We manage infrastructure for 8 client projects with Terraform. Patterns that emerged:

  • One repo per client, not one repo for all clients. Client infrastructure has different lifecycles, access controls, and compliance requirements. Shared repos create coupling.
  • Pin provider versions. An AWS provider update changed the default behavior of S3 bucket ACLs and broke object access for a client. We now pin exact versions and upgrade deliberately.
  • terraform import is your friend. Clients often have existing infrastructure created via console. We import it into Terraform state rather than recreating it, avoiding downtime.

The tradeoffs

  • HCL is verbose for complex logic. Creating conditional resources, dynamic blocks, and cross-module references in HCL is clunkier than in a real programming language. We accept this trade for explicitness.
  • Testing is limited. terraform validate catches syntax errors. terraform plan catches configuration errors. Neither catches logical errors. We rely on staging environments for validation.
  • Drift detection is passive. Terraform only detects drift when you run terraform plan. Unlike ArgoCD for Kubernetes, there's no continuous reconciliation. We run terraform plan on a weekly cron to catch drift.

When we'd choose Pulumi

  • A team of full-stack TypeScript developers with no HCL experience and no desire to learn it
  • A project that requires complex infrastructure composition with heavy reuse across many projects
  • An organization building an internal platform where infrastructure is consumed as library components

Our recommendation

For most teams provisioning cloud infrastructure, Terraform is the right choice.
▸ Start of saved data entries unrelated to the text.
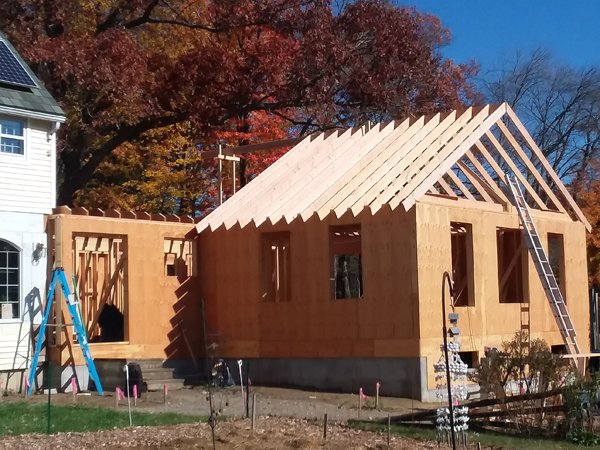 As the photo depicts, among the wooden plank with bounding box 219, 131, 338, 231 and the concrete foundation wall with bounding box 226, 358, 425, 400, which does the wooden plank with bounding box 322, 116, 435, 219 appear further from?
the concrete foundation wall with bounding box 226, 358, 425, 400

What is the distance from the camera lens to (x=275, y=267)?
21.3 meters

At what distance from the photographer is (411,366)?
17.8 meters

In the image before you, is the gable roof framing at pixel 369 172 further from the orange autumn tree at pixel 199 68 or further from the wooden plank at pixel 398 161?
the orange autumn tree at pixel 199 68

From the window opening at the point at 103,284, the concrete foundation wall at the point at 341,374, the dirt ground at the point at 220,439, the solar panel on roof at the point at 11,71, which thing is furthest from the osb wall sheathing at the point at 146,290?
the dirt ground at the point at 220,439

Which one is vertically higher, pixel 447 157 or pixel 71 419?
pixel 447 157

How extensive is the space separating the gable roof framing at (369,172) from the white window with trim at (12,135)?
4145mm

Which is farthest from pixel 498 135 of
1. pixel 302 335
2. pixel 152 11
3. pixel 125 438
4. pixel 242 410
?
pixel 125 438

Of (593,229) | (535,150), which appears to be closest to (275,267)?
(535,150)

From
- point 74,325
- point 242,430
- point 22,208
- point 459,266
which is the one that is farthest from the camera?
Result: point 459,266

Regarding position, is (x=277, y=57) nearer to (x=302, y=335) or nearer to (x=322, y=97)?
(x=322, y=97)

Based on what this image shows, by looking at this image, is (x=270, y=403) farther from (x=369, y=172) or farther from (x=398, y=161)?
(x=398, y=161)

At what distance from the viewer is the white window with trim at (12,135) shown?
18234mm

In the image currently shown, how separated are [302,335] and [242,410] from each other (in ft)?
14.1

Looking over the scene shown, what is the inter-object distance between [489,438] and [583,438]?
1222 mm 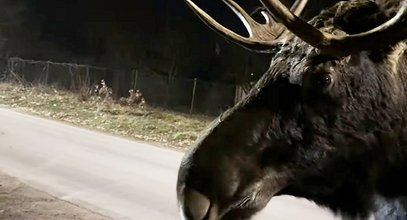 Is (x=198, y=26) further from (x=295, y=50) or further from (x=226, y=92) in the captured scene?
(x=295, y=50)

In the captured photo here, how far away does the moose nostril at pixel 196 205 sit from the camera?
1.62 m

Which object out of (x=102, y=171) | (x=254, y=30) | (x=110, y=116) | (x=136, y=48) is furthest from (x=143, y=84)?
(x=254, y=30)

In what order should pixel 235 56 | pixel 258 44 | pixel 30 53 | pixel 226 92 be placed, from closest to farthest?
pixel 258 44
pixel 226 92
pixel 235 56
pixel 30 53

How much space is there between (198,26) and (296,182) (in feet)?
54.3

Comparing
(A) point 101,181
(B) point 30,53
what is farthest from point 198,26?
(A) point 101,181

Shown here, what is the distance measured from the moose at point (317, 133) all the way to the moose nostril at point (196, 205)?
0.02 metres

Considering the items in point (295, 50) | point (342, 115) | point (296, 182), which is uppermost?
point (295, 50)

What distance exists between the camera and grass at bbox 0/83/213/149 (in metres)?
11.2

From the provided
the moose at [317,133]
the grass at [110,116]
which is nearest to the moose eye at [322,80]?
the moose at [317,133]

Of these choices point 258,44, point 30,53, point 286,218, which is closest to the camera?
point 258,44

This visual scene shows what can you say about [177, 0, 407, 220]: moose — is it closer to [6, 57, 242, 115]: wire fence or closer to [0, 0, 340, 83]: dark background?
[6, 57, 242, 115]: wire fence

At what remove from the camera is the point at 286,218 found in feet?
18.2

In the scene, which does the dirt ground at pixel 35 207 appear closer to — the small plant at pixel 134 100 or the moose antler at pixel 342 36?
the moose antler at pixel 342 36

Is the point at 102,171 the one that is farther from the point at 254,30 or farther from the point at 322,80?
the point at 322,80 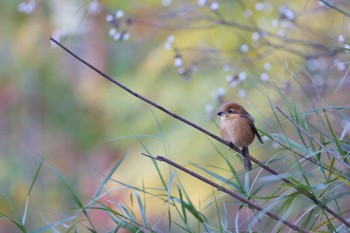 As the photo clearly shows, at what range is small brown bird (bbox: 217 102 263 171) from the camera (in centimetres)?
355

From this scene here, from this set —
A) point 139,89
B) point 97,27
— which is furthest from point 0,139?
point 139,89

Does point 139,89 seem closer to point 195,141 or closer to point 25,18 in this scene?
point 195,141

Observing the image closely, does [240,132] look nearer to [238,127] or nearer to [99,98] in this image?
[238,127]

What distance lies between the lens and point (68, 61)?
436 inches

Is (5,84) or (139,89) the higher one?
(139,89)

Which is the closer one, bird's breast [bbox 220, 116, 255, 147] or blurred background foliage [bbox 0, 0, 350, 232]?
bird's breast [bbox 220, 116, 255, 147]

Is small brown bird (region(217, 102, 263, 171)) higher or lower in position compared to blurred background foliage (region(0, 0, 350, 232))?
higher

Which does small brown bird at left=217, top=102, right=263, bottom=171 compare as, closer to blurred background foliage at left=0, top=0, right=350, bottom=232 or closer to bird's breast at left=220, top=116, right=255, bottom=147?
bird's breast at left=220, top=116, right=255, bottom=147

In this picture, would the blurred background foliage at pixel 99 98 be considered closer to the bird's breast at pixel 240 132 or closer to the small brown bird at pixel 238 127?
the small brown bird at pixel 238 127

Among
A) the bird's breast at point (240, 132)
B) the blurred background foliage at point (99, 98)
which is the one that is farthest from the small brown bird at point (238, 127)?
the blurred background foliage at point (99, 98)

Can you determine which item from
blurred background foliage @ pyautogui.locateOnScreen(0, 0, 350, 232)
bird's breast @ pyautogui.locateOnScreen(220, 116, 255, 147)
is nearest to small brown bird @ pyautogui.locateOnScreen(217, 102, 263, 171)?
bird's breast @ pyautogui.locateOnScreen(220, 116, 255, 147)

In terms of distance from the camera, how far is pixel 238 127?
11.7 feet

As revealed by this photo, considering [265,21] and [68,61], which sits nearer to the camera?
[265,21]

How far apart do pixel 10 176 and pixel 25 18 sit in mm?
2205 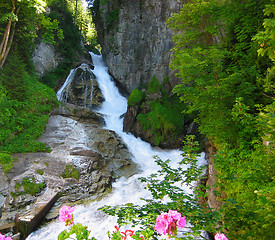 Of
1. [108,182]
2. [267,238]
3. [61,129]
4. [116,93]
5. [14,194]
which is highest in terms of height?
[116,93]

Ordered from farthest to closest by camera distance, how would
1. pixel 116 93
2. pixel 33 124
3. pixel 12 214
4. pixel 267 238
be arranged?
pixel 116 93 → pixel 33 124 → pixel 12 214 → pixel 267 238

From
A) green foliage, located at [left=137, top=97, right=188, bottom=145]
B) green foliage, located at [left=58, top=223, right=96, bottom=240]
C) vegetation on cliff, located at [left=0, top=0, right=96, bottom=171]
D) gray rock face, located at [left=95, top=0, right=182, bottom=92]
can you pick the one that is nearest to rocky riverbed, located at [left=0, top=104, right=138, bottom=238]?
vegetation on cliff, located at [left=0, top=0, right=96, bottom=171]

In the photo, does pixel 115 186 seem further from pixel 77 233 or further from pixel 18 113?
pixel 18 113

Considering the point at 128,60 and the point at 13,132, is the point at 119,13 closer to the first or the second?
the point at 128,60

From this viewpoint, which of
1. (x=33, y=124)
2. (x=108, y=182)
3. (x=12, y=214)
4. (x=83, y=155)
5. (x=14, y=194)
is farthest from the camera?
(x=33, y=124)

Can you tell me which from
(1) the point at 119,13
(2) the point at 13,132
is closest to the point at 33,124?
(2) the point at 13,132

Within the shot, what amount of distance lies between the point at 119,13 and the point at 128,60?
221 inches

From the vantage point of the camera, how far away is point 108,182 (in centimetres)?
790

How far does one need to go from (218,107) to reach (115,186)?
19.2 feet

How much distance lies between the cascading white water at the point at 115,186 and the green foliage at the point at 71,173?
1652 mm

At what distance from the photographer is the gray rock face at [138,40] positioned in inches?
628

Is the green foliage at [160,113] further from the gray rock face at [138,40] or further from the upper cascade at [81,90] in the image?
the upper cascade at [81,90]

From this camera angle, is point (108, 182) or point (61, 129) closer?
point (108, 182)

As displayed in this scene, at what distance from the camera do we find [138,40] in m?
18.5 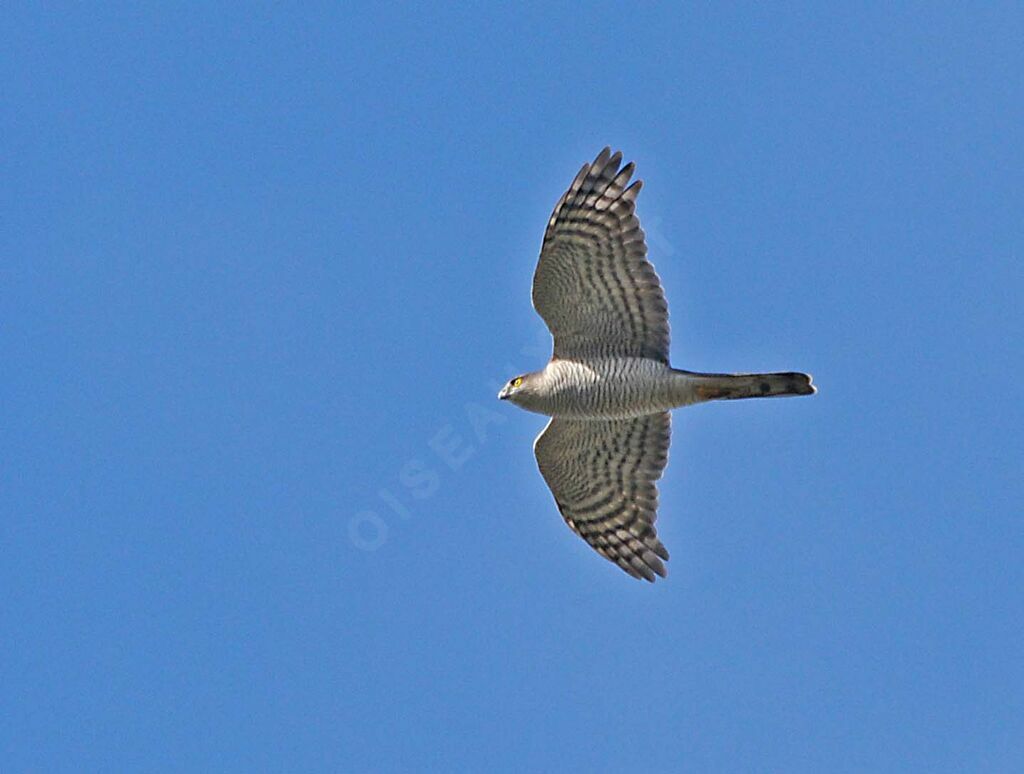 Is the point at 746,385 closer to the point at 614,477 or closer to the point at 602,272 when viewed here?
the point at 602,272

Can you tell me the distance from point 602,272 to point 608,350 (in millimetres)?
838

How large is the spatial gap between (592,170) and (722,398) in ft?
8.27

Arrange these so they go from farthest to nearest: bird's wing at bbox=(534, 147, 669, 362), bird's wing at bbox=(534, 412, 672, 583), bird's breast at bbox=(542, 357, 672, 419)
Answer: bird's wing at bbox=(534, 412, 672, 583)
bird's breast at bbox=(542, 357, 672, 419)
bird's wing at bbox=(534, 147, 669, 362)

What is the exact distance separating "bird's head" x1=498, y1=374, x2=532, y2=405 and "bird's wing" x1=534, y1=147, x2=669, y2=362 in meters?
0.72

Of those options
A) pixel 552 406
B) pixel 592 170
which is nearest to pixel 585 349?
pixel 552 406

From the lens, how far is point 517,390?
1634 centimetres

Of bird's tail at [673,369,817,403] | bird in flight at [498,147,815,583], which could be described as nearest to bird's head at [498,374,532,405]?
bird in flight at [498,147,815,583]

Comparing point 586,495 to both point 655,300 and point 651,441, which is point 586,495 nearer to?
point 651,441

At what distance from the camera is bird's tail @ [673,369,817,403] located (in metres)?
15.3

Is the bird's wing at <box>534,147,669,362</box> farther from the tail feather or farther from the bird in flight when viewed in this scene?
the tail feather

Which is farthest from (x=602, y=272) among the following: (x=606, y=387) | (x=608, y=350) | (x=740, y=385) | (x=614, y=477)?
(x=614, y=477)

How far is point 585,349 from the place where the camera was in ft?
52.7

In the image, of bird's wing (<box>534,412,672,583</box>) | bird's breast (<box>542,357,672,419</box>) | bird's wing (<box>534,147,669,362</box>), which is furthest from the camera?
bird's wing (<box>534,412,672,583</box>)

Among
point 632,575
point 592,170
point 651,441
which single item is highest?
point 592,170
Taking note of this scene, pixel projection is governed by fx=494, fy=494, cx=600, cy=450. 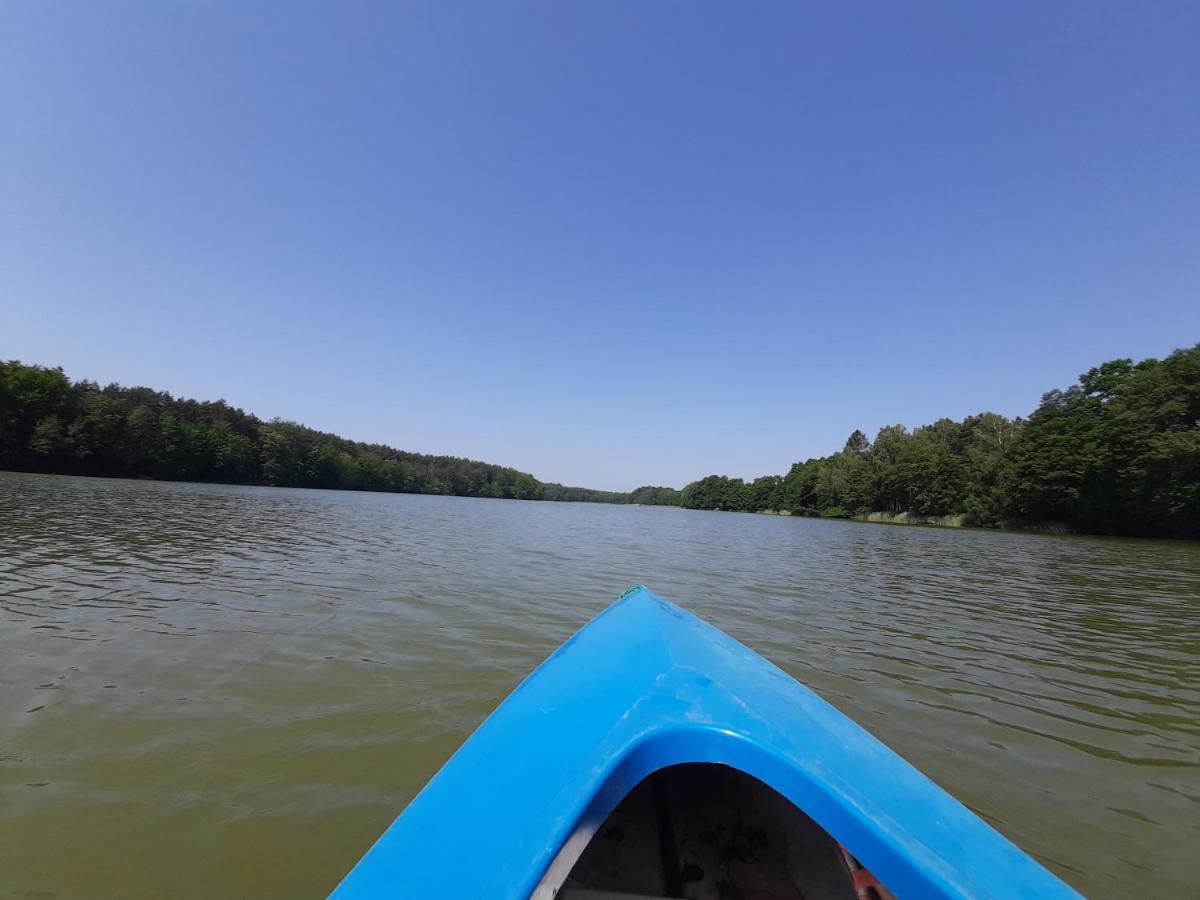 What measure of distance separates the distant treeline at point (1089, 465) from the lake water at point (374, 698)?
38.4 m

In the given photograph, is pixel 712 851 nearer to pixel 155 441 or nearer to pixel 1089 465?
pixel 1089 465

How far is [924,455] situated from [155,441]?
309 ft

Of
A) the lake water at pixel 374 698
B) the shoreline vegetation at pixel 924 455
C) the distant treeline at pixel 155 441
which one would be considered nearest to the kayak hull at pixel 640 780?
the lake water at pixel 374 698

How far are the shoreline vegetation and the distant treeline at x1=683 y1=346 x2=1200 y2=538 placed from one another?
11 cm

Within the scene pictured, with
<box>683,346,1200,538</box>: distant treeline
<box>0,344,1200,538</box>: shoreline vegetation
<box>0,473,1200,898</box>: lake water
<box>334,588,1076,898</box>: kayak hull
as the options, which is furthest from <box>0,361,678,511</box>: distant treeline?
<box>683,346,1200,538</box>: distant treeline

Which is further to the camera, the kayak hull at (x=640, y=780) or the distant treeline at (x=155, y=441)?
the distant treeline at (x=155, y=441)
The ecosystem is the largest, the knowledge base is the deepest, and HCL's constraints prevent the kind of over-engineering that turns infrastructure code into application code.

Choose Pulumi if your team already knows it, if you need infrastructure-as-library patterns, or if HCL's limitations are actively causing pain on your projects. Both tools work. Terraform's failure modes are better documented.